For many years, this was all well and good. ISO-8859-1 can accommodate accented characters in French, Spanish and German, and the vast majority of non-British CPC users are from these countries. However, it's 2019 now, and the world has moved on, and UTF-8 is now the de facto standard for character encoding. I can't properly write the names of authors from the Balkans or Hungary using ISO-8859-1.

I don't know how many people still use NVG for downloading CPC software, let alone use the data in it for their own applications. I know CPCGamesCD uses the data, although it hasn't been updated for nearly three years. Nonetheless I want to consult with CPC users before making any changes.

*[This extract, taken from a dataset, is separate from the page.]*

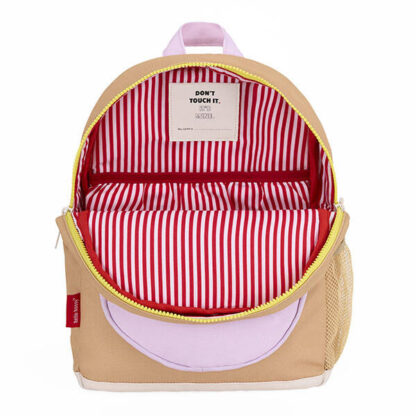 Hello Hossy Plecak Mini Crème Brûlée 6+ - obrazek 6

Does anyone have or foresee any problems with re-encoding the metadata to UTF-8?

Offline troels

  • CPC464
  • **
  • Posts: 6
  • Liked: 0
  • Likes Given: 0
Re: NVG - proposal to use UTF-8 character encoding
« Reply #1 on: 22:57, 31 August 19 »
Hi Nich. Perhaps insert BOM at the beginning of the file to make it possible to detect the format used
("The UTF-8 representation of the BOM is the hexadecimal byte sequence 0xEF,0xBB,0xBF.", https://en.wikipedia.org/wiki/Byte_order_mark)

Offline Nich

  • Supporter
  • 6128 Plus
  • *
  • Posts: 699
  • Country: gb
  • CPC Game Reviews webmaster
    • CPC Game Reviews
  • Liked: 543
  • Likes Given: 679
Re: NVG - proposal to use UTF-8 character encoding
« Reply #2 on: 01:19, 02 September 19 »
Hi Nich. Perhaps insert BOM at the beginning of the file to make it possible to detect the format used
("The UTF-8 representation of the BOM is the hexadecimal byte sequence 0xEF,0xBB,0xBF.", https://en.wikipedia.org/wiki/Byte_order_mark)

The same link suggests that the BOM isn't really necessary for UTF-8, and my intention is that every file_id.diz will be re-encoded in UTF-8.

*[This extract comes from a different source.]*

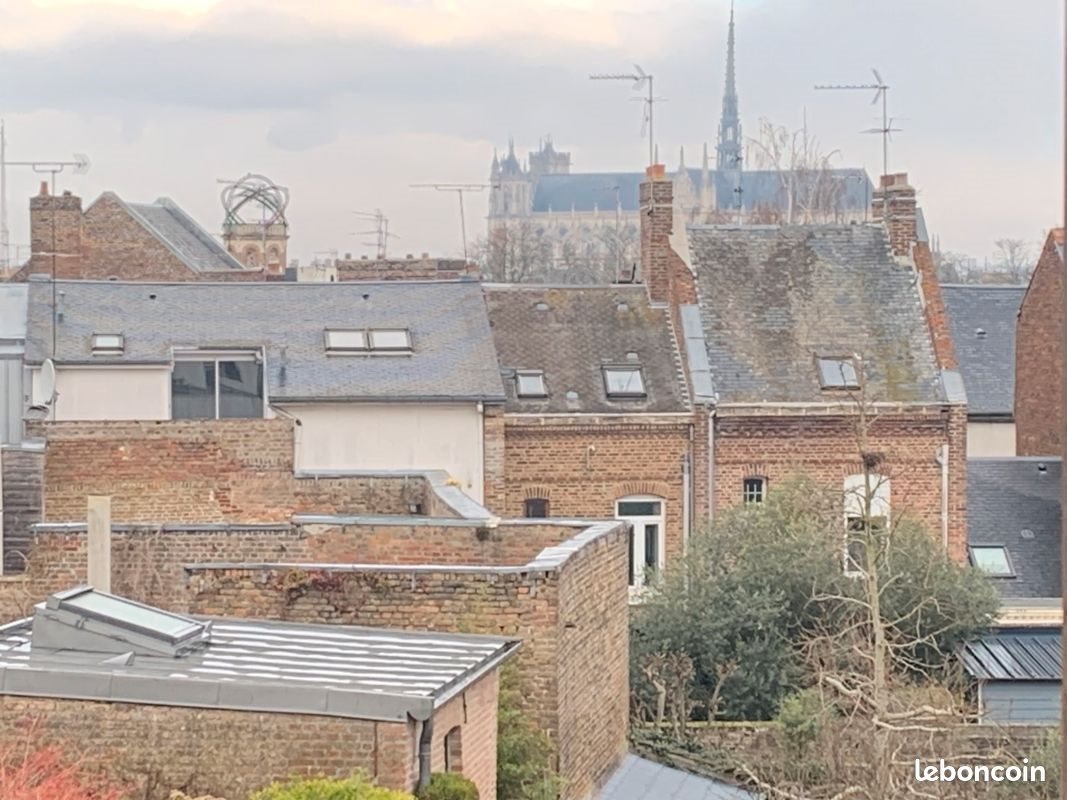 Appartement à louer, 42m², Amiens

One of the clever things about UTF-8 is that if a file_id.diz file is encoded in ISO-8859-1, any accented characters that are present are usually not valid UTF-8.

Offline Docent

  • CPC6128
  • ****
  • Posts: 166
  • Country: pl
  • Liked: 104
  • Likes Given: 0
Re: NVG - proposal to use UTF-8 character encoding
« Reply #3 on: 00:17, 03 September 19 »
The same link suggests that the BOM isn't really necessary for UTF-8, and my intention is that every file_id.diz will be re-encoded in UTF-8.

One of the clever things about UTF-8 is that if a file_id.diz file is encoded in ISO-8859-1, any accented characters that are present are usually not valid UTF-8.

Add BOM and encode as utf-8 only files containing characters with code values >127, do not change other files.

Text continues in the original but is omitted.